Menurut Nur, jika bayi sudah terlanjur diberi susu formula, maka masuknya ASI dari ODHA dapat menambah risiko terjadinya infeksi. Akhirnya hingga sekarang, putri kecil Nur yang lahir pada Mei 2012 lalu harus besar dengan susu formula.

Untuk mencegah infeksi, bayi Nur juga diberikan ARV dengan hanya 1 komposisi selama 6 minggu. Kesehatannya pun selalu dipantau agar tidak tertular virus dari tubuh ibunya.

"Anakku belum dites HIV karena untuk dites itu harus usia 1,5 tahun. Tapi sampai sekarang perkembangannya bagus, badannya gemuk, nggak ada infeksi seperti sariawan atau diare," terang Nur, yang berharap anaknya tetap negatif HIV.

Kini kondisi Nur dan suaminya sangat sehat.
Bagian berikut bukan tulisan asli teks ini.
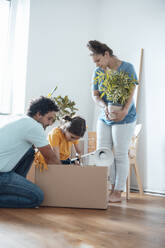 Mother holding plant with father and daughter packing lamp in box - JOSEF21247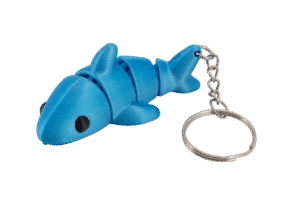 brelok rekin z druku 3d w intensywnie niebieskim kolorze, przedstawiający uroczego rekinka z dużą, gładką głową i okrągłym czarnym okiem, segmentowanym tułowiem z drobnymi, zaokrąglonymi płetwami po bokach oraz charakterystyczną płetwą ogonową; całość połączona z metalowym łańcuszkiem i kółkiem na klucze, leżąca na białym tle, w formie lekkiej, elastycznej zabawki-breloka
Ia masih rutin mengonsumsi ARV setiap 12 jam sekali, yaitu tiap jam 9 pagi dan 9 malam, yang diperolehnya secara gratis di rumah sakit.
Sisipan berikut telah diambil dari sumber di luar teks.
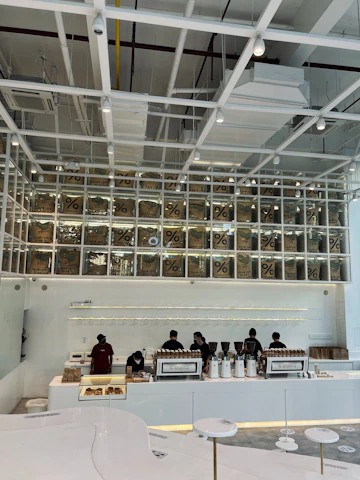 A minimalist coffee shop interior with clean white walls and navy blue accents, highlighting a welcoming partnership atmosphere.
Nur mengatakan, untuk mengikuti program PMTCT biayanya memang cukup mahal karena peralatan persalinan seperti tempat tidur hingga pisau bedah harus dipersiapkan khusus dan tidak boleh dipergunakan oleh orang lain, guna mencegah penularan infeksi dari darah pasien.

Beruntung, biaya persalinan Nur sebagian ditanggung oleh Jaminan Kesehatan Masyarakat (Jamkesmas). Meski tak 100 persen, tapi menurut Nur itu sudah sangat membantu.

"Keluarga awalnya ragu waktu saya bilang ingin punya anak, karena saya dan suami dua-duanya ODHA takutnya nanti anaknya tertular. Tapi setelah dijelaskan akhirnya mengerti juga. Setelah lahir pun disuruhnya 1 saja. Tapi kan kita juga punya hak untuk punya anak, punya hak menentukan berapa jumlahnya," tutup Nur, yang kini mengaku ingin fokus membesarkan putrinya.